Zwinger, Zwinger … schon aus dem Wort müsste sich doch Kapital schlagen lassen. Nein, keine Gemäldegalerie wie in Dresden. Zwinger, Swinger … na klar: Berlin ist bärig gut ­aufgestellt in Sachen S/M, Fetisch und Libertinage. Wäre es da nicht angesagt, dem Clubsterben in Mitte die Zähne zu zeigen?

Wir tippen mal: Interessierte Betreiber würden bald Schlange stehen, allen voran der KitKatClub, der zurzeit prakti­scherweise nur einen Bärensprung vom Köllnischen Park ­residiert, nämlich im ehemaligen Sage-Club über dem U-Bahnhof Heinrich-Heine-Straße. Da wäre der Zwinger doch eine hübsche kleine Außenstelle. „Spielzeug“ und folterkellermäßiges Ambiente sind bereits vorhanden, und was den Lärm angeht – die Nachbarn von der Senatsverwaltung schlafen hier höchstens tagsüber.

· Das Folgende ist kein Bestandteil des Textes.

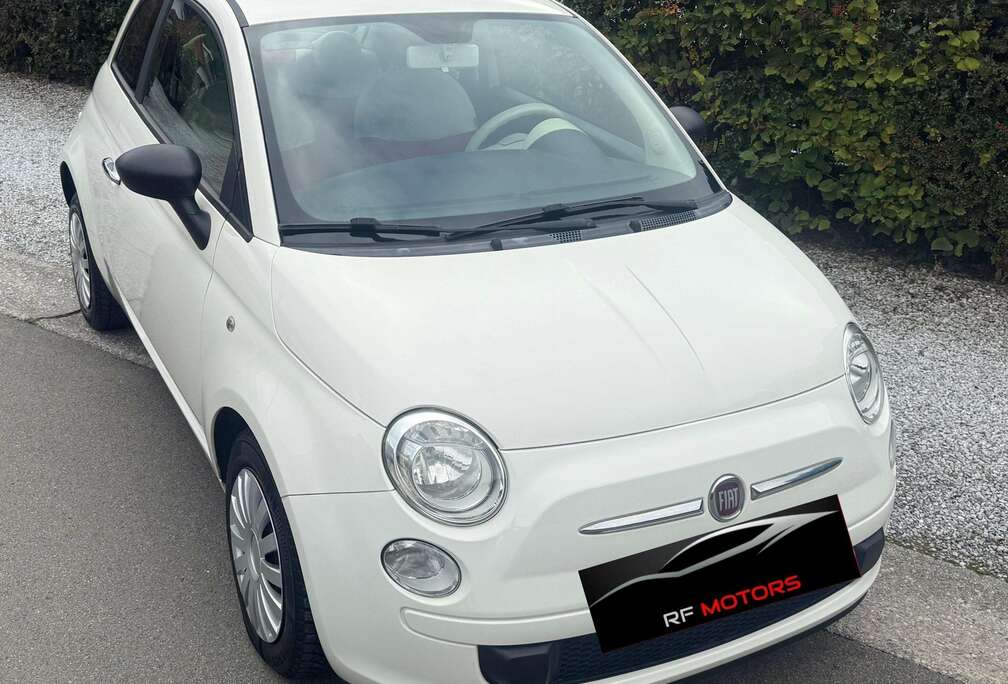 Fiat 500 1.2i Pop PUR-02 Stop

Den Anstoß zum Bau eines Bärenzwingers gab ein Leser der B.Z. am Mittag – nach der 700-Jahr-Feier 1937 beklagte er das Fehlen eines lebenden Wappentiers. Der damalige Oberbürgermeister Julius Lippert, ein Nazi-Funktionär, fand die Idee so gut, dass er sie gegen anfängliche Widerstände hochrangiger Parteigenossen durchsetzte: Propagandaminister Joseph Goebbels soll das Projekt als nachrangig abgelehnt haben.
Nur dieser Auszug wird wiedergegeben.